— AIM OF THE EXERCISE —
Output exactly the first line of the listing and each line after it, through the line that contains "European House Plans"; add nothing else.

▶

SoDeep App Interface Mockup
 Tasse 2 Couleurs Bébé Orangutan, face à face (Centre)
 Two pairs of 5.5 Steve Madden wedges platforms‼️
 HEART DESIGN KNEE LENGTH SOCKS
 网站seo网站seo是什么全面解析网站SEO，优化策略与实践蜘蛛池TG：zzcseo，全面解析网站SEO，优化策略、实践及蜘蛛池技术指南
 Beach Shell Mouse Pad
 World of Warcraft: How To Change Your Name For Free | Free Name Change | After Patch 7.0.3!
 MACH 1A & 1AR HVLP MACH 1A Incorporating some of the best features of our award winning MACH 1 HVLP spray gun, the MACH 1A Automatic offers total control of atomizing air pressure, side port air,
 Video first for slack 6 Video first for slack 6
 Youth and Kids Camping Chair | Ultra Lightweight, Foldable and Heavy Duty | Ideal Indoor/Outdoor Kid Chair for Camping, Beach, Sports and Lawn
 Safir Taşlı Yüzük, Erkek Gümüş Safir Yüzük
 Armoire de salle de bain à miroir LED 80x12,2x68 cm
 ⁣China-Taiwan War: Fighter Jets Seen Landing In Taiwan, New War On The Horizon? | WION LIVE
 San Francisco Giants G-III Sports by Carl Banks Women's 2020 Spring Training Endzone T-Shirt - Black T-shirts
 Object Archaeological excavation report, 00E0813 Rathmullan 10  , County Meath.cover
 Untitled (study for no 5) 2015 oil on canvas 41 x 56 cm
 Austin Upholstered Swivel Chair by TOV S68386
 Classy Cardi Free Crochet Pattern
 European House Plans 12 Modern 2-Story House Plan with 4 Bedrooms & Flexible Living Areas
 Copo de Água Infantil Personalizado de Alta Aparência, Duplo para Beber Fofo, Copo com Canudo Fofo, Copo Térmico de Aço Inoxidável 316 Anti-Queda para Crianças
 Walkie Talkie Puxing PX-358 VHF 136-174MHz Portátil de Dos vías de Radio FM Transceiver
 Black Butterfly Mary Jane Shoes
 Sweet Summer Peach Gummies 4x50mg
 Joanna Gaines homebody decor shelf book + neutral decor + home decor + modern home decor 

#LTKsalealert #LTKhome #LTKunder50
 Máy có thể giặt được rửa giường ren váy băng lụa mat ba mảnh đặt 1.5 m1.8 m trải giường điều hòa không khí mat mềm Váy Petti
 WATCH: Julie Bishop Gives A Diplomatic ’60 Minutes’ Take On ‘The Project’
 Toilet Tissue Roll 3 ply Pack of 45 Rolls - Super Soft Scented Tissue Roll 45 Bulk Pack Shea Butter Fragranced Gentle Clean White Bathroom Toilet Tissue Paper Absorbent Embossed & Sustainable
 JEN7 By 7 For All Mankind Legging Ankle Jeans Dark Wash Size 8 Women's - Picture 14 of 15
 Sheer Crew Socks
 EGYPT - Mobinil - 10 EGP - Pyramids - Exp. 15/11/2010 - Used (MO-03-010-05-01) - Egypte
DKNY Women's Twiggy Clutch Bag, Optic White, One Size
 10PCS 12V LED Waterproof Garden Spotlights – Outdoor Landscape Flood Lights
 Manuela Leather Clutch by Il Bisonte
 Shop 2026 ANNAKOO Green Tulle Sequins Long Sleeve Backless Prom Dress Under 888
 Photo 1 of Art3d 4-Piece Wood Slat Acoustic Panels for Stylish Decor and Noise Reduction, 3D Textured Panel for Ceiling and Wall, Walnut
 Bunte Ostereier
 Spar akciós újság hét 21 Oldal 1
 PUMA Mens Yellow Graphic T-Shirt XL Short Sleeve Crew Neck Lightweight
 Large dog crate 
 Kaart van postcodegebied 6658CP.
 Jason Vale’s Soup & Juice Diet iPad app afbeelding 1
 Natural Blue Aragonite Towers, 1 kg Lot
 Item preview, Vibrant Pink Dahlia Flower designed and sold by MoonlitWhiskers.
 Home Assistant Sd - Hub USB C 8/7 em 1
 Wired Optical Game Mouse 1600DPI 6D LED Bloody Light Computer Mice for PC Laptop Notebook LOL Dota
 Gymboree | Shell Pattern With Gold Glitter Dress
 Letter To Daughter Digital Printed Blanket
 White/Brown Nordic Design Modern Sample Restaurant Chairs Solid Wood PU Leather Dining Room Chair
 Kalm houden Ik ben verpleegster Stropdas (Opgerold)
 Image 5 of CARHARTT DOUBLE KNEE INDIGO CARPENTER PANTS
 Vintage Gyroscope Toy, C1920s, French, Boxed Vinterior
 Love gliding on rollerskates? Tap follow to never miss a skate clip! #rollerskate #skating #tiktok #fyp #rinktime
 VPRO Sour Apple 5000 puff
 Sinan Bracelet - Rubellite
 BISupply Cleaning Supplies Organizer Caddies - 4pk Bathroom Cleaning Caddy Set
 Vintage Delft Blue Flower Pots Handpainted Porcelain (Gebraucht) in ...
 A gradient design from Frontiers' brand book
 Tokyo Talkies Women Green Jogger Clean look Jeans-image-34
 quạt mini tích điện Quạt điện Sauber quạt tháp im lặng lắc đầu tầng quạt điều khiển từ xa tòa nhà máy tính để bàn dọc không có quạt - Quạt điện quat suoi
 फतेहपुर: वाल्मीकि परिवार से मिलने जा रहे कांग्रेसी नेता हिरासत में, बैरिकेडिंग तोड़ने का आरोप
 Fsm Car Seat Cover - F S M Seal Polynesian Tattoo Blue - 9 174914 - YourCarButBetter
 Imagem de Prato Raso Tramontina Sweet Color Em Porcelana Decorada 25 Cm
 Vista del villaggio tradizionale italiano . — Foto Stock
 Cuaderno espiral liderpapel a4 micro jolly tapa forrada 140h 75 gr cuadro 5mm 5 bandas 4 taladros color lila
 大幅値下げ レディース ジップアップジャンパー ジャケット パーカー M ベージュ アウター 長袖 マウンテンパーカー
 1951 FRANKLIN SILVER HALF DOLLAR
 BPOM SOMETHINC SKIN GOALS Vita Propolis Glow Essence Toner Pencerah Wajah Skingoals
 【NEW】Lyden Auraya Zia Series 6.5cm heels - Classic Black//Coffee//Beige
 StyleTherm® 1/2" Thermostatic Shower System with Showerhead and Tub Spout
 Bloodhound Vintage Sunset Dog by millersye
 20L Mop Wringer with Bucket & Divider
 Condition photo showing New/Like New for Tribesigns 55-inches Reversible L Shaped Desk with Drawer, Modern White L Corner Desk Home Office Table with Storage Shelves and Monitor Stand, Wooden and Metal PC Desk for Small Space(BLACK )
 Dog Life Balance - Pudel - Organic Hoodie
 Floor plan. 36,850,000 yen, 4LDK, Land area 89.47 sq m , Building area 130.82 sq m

◀

— THE COMPLETED TASK —
SoDeep App Interface Mockup
 Tasse 2 Couleurs Bébé Orangutan, face à face (Centre)
 Two pairs of 5.5 Steve Madden wedges platforms‼️
 HEART DESIGN KNEE LENGTH SOCKS
 网站seo网站seo是什么全面解析网站SEO，优化策略与实践蜘蛛池TG：zzcseo，全面解析网站SEO，优化策略、实践及蜘蛛池技术指南
 Beach Shell Mouse Pad
 World of Warcraft: How To Change Your Name For Free | Free Name Change | After Patch 7.0.3!
 MACH 1A & 1AR HVLP MACH 1A Incorporating some of the best features of our award winning MACH 1 HVLP spray gun, the MACH 1A Automatic offers total control of atomizing air pressure, side port air,
 Video first for slack 6 Video first for slack 6
 Youth and Kids Camping Chair | Ultra Lightweight, Foldable and Heavy Duty | Ideal Indoor/Outdoor Kid Chair for Camping, Beach, Sports and Lawn
 Safir Taşlı Yüzük, Erkek Gümüş Safir Yüzük
 Armoire de salle de bain à miroir LED 80x12,2x68 cm
 ⁣China-Taiwan War: Fighter Jets Seen Landing In Taiwan, New War On The Horizon? | WION LIVE
 San Francisco Giants G-III Sports by Carl Banks Women's 2020 Spring Training Endzone T-Shirt - Black T-shirts
 Object Archaeological excavation report, 00E0813 Rathmullan 10  , County Meath.cover
 Untitled (study for no 5) 2015 oil on canvas 41 x 56 cm
 Austin Upholstered Swivel Chair by TOV S68386
 Classy Cardi Free Crochet Pattern
 European House Plans 12 Modern 2-Story House Plan with 4 Bedrooms & Flexible Living Areas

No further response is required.